IBM subsidiary Lotus Software, of Cambridge, MA, has restructured its message structure, replication protocol and compression techniques to allow records to be managed with a much higher degree of granularity. Called the Streaming Replication and Attachments model, the new technique will be embodied in the upcoming Notes R6, according to Will Raabe, IBM's director of product introduction for Lotus products.
Notes R6 will include Single Copy Template (SCT), an SIS-like feature in which a single copy of each document template will be stored in the Notes database. Documents built using that template will be stored with a pointer to the template, rather than storing the entire template in the document itself.When applied to the existing e-mail databases of IBM test users, says Raabe, SCT immediately trimmed the size of those databases from an average 9MB to around 1.5MB.
Microsoft, which is readying a major upgrade of Exchange for release next year, has refrained from delving too far into e-mail storage management. Although it includes single instance storage features for reducing e-mail overhead and deleted items retention features for automatically deleting messages after a certain time, Microsoft has left more sophisticated HSM-like features to third parties, says Microsoft program manager Ken Ewert.
"I'm seeing that these solutions that [third party] vendors have are being used in very creative ways," he says. "Storage in general is undergoing a great radical change, since it's the one thing that people are finally trying to get a hold of. Single instance storage is very complex ... we haven't seen a lot of pressure until this year in this space."
Far more eager to make changes is SendMail Inc., Emeryville, CA, which offers an inline mail filtering API that lets IT staffers screen messages as they pass through the mail server. SendMail has previously partnered with UK firm ArchiveIt, which offers automated e-mail archiving using SendMail's hooks. But as the need for integrated e-mail management grows, Jeff Morris, product line manager with SendMail, concedes it is likely to become part of the e-mail server itself.
"For now we're doing it as a third party thing, but we are investigating becoming that third party," he says. "We're getting more and more granular about the types of messages we want to pass to storage, and doing things now to enhance control over mail as it's in transit. I'm quite interested in packaging our message server as a device with a single instance message store with digital signatures to ensure the identity of the e-mail's owner."
|Gartner's four steps to e-mail sanity|
Outsourcing e-mail storage
Storage administrators keen to make a total break may want to outsource their archiving to a company such as Iron Mountain, which has expanded its core business in physical records management to include archiving of e-mail and other digital content.
Using secure VPN connections, enterprises keep a connection open to Iron Mountain's massive data center, which includes 34TB of managed online storage and continues to grow every day.
Content sent to Iron Mountain is digitally signed to verify its source, then indexed and locked down within the company's virtual vaults, which are the latest addition to its existing stores of more than 200 million cubic feet of paper records.To access archived records, employees use a standard Web interface to enter their search.
Iron Mountain's largest customer currently sends the company 20,000 e-mails a day, but the service can receive any type of digital document from applications written to an Iron Mountain-provided API.
Peter Delle Donne, president of Iron Mountain's Digital Archives Division, believes digital archiving will become a $200 million business for the company within five years.
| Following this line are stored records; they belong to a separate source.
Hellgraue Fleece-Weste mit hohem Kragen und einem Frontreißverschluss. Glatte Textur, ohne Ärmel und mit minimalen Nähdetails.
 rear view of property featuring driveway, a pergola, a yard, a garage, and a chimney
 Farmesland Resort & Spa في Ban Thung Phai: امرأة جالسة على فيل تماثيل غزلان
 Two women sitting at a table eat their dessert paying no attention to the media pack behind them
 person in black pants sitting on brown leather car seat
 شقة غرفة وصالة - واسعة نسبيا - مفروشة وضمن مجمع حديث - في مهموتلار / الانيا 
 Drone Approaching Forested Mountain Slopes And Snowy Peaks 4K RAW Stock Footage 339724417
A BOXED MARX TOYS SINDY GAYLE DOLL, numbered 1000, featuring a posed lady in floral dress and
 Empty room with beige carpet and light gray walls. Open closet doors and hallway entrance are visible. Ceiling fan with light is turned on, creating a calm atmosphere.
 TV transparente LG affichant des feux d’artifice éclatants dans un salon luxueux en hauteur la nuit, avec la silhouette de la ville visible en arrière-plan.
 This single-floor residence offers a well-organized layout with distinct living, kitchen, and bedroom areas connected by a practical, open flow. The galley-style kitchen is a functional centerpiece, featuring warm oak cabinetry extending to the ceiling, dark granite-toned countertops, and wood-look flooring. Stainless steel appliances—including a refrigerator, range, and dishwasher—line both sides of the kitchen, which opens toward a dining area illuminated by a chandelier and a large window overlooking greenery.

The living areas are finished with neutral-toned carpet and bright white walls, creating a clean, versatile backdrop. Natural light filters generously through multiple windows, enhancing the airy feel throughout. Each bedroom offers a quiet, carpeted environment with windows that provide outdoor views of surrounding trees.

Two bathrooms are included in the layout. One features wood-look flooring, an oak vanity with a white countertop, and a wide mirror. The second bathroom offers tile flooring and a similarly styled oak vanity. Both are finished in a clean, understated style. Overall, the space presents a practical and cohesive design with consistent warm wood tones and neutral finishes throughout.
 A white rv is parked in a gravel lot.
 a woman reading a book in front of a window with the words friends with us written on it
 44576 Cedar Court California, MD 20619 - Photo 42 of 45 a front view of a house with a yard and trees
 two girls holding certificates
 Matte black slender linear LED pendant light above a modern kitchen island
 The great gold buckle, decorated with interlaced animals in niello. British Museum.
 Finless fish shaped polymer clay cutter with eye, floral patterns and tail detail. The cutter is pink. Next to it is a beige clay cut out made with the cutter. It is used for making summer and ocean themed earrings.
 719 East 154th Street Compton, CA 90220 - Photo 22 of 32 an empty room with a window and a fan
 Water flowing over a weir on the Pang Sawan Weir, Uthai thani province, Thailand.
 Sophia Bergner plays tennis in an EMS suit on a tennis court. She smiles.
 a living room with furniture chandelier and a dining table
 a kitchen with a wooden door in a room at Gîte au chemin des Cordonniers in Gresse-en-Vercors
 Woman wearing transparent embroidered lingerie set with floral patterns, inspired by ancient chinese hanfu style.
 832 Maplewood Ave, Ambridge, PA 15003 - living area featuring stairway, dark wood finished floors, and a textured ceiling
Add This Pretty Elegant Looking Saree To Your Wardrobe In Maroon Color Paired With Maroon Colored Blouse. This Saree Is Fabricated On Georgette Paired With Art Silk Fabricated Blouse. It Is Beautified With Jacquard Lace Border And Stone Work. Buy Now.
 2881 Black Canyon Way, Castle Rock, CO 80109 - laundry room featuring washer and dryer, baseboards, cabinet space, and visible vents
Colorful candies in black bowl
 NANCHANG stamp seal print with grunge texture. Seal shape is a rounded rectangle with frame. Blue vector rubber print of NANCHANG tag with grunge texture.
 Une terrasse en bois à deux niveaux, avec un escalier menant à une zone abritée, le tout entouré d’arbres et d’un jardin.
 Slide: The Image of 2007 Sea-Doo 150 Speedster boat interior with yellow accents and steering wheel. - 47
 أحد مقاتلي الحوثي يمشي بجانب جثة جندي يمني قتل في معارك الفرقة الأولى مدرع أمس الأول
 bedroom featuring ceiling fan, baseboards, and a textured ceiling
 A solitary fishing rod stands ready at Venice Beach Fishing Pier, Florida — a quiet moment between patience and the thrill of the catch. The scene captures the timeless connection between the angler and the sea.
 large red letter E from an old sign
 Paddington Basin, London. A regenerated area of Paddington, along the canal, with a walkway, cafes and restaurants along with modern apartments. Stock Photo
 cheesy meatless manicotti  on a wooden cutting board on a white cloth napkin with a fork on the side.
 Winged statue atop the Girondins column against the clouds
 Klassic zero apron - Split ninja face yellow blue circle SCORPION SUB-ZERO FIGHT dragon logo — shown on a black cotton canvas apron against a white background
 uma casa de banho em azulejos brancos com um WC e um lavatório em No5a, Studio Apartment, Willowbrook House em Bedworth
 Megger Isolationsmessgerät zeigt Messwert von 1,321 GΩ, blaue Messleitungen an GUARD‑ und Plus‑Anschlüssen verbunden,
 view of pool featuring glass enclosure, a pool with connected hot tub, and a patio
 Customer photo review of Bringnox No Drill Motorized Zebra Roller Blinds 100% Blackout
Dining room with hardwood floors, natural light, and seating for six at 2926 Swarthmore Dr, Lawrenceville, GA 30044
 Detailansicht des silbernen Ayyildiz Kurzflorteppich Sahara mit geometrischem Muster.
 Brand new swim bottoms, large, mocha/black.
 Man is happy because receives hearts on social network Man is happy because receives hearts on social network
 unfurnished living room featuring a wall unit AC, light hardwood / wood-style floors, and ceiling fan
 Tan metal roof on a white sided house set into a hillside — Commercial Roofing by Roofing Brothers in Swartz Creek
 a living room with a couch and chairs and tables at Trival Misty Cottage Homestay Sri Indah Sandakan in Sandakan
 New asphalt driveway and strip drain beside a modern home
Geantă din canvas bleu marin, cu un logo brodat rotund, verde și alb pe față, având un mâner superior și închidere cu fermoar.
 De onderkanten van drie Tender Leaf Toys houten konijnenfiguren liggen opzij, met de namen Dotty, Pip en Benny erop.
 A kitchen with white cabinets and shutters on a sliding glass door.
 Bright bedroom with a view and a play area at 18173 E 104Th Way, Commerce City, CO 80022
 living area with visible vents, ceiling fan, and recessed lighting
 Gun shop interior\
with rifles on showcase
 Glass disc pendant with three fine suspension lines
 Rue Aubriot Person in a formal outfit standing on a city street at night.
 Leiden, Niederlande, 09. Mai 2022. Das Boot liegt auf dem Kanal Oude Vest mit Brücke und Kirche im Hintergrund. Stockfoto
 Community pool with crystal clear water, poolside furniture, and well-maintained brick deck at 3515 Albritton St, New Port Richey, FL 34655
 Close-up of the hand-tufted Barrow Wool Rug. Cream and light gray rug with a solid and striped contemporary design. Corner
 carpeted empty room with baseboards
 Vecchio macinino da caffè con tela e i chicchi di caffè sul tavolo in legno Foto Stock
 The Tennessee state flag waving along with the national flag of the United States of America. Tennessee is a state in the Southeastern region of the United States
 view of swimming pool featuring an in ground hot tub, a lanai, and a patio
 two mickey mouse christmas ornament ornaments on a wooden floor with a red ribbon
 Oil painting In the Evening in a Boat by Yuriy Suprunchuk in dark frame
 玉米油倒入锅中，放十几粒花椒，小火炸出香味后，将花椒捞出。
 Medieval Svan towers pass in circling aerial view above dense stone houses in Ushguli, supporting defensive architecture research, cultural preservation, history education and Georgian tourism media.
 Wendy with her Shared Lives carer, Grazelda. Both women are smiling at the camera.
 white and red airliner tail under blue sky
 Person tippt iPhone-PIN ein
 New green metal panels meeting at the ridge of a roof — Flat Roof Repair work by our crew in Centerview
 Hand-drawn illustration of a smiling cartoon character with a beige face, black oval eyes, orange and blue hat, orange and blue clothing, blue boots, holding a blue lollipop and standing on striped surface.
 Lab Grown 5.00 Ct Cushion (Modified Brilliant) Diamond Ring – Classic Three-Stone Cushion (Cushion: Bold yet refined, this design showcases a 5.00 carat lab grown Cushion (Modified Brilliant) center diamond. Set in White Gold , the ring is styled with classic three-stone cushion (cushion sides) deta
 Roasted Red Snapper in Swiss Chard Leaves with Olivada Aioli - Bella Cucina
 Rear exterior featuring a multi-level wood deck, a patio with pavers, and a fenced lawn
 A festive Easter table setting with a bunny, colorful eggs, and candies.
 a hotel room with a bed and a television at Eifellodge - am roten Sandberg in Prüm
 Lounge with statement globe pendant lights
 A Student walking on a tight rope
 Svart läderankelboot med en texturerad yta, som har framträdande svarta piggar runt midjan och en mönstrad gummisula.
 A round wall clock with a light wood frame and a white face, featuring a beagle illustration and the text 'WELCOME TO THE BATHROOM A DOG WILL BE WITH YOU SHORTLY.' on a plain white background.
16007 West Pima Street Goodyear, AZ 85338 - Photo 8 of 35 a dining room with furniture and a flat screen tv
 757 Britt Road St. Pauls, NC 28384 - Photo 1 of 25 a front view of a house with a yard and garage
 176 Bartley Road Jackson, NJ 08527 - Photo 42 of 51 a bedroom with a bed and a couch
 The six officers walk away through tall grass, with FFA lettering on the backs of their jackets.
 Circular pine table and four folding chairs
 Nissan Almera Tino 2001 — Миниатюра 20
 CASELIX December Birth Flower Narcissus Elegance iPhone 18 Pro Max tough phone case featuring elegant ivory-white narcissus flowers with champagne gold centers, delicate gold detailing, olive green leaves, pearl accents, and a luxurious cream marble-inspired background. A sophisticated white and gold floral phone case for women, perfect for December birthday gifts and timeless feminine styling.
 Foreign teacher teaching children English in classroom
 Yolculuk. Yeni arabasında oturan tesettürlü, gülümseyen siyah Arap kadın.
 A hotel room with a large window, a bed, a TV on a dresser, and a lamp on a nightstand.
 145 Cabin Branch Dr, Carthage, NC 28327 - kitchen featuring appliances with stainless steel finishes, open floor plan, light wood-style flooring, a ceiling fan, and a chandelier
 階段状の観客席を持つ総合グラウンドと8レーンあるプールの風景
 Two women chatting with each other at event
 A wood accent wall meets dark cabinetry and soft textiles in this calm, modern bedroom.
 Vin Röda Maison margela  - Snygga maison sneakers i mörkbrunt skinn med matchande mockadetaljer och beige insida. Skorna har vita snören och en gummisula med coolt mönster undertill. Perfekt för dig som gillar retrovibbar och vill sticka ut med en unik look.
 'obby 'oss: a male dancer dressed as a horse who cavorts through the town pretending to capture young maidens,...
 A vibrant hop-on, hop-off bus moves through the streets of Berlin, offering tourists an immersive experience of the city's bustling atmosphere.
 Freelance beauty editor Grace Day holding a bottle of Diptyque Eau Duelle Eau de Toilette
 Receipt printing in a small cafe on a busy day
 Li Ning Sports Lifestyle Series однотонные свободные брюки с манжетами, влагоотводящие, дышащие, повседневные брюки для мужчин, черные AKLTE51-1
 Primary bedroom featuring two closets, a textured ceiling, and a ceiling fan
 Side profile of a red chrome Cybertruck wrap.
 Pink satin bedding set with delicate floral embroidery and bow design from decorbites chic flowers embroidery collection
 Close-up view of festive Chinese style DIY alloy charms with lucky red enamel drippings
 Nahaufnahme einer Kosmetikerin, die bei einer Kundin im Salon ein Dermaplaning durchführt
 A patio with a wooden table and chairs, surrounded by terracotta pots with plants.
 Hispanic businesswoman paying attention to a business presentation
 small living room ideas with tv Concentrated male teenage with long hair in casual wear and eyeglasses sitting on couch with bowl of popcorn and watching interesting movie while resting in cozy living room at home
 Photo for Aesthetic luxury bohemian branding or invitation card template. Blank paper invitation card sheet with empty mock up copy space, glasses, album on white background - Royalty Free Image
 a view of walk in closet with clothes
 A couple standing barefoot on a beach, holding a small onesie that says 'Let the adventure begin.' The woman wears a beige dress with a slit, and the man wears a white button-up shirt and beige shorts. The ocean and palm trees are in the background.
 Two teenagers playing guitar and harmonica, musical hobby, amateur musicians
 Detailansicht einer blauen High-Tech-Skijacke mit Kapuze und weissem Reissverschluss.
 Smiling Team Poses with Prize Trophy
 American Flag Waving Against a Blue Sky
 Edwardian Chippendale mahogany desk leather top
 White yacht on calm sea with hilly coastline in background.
Part of this appeal is the fact that Iron Mountain's systems are built around policies that ensure records are managed according to established best practices and the requirements of SEC Rule 17a-4. This includes enforcement of deletion policies that track down and destroy every instance of an archived document or e-mail when it's reached a certain age.
That's a big time saver for storage managers, who can redirect their e-mail archiving to Iron Mountain and more or less never have to think about the messages again.
Sensing the potential to be part of a lucrative market, some vendors have tried to simplify storage managers' jobs by offering e-mail archiving appliances designed to be plugged in, installed and left alone.
So far, customers have given such a concept a cool reception. Michael Schutte, chief technology officer and founder of archiving appliance vendor Rising Edge Technologies, Herndon, VA, concedes the company has "not been very successful in selling e-mail archive appliances. Although many of the customers we meet like the idea of keeping e-mail accessible, they don't necessarily want such a system for their business."
Therein lies the challenge facing vendors: Own up to the e-mail monster they've created, offer a workable solution and help storage administrators use the technology to make their own storage requirements far more predictable than they have been in the past. As e-mail continues along its preordained mission to bury corporate networks, it's clear this is the best way to meet archival requirements while keeping your storage sanity.